Deriving inspiration from their dissatisfaction with the music industry and their previous experiences involving it (several members hail from past broken up bands such as Mclusky and Jarcrew), How to Stop Your Brain in an Accident blends satirically brutal lyricism and vocals with hard bass lines and grinding rage. Songs vary, but largely take form as comical testaments against ‘the man’ and its institutions.

One of the most appealing aspects of the artful composition is the back and forth fashion in which tracks instantaneously rotate on a sharp note, shifting mood and structure on a whim, and then falling back into normality just as quickly . For example, “Something happened” holds a paranoid presence throughout its opening, exhibiting fuzzy atmospheric ambient chords, but swings on a single note, erupting in a joyful upheaval of cheer, yet soon falling back into its melancholy haze.
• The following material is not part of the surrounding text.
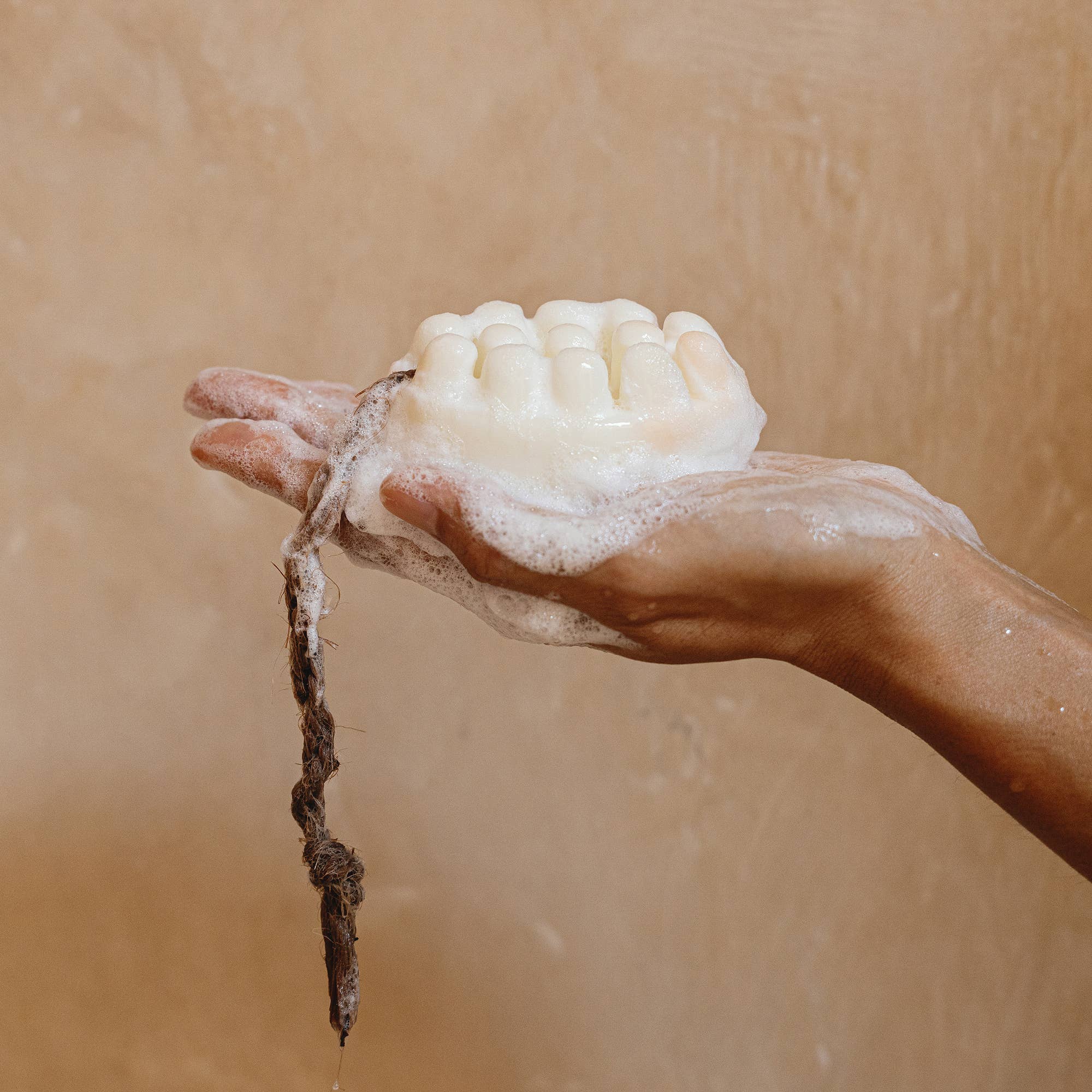 A hand holds a lathered Cedar and Myrrh Palo Santo + Shea Butter Bar Soap, shaped with rounded bumps and suds, a brown string hanging below—perfect for sensitive skin—set against a beige background.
Cheeky, bloated, perplexing, and ultimately British, the comical lyrics breath a dry humor into most tracks, often confounding the listener with lines that have to speak for themselves, like this excerpt from “Things to Say to Friendly Policemen”: “Make me into your kettle drum / Turn me into your black percussion / Pull me into your parking shed / Make believe I’m your second cousin”.

Compounding every morsel of satirical rant into one song, “Singing of the Bonesaws” contains a single continuous tirade of disgust against pop culture that diverges into individual tangents, each more nonsensical. The polemic onslaught concludes with a hypnotic repetition of a certain crass phrase continuously, fizzing into a hasty close.

One track in particular touches upon a lighter note, standing out as distinct compared to its predecessors and successors. “French Lessons” utilizes simple piano and guitar melodies without the distortion of other tracks. It gracefully executes itself cleverly, summoning themes of childhood, family, and love, extending and expressing itself especially with use of lyrics such as “They say the price of love is a black hole / Where your friends were / Where your social life sits”.

Greedy, grimy, critical and crass, How to Stop Your Brain in an Accident certainly delivers, providing a punching bag for the consciousness and inner ear to annihilate. Venturing into places of violence, be careful making a journey into the record, the depraved lewdness and tempting madness within may start to become appealing.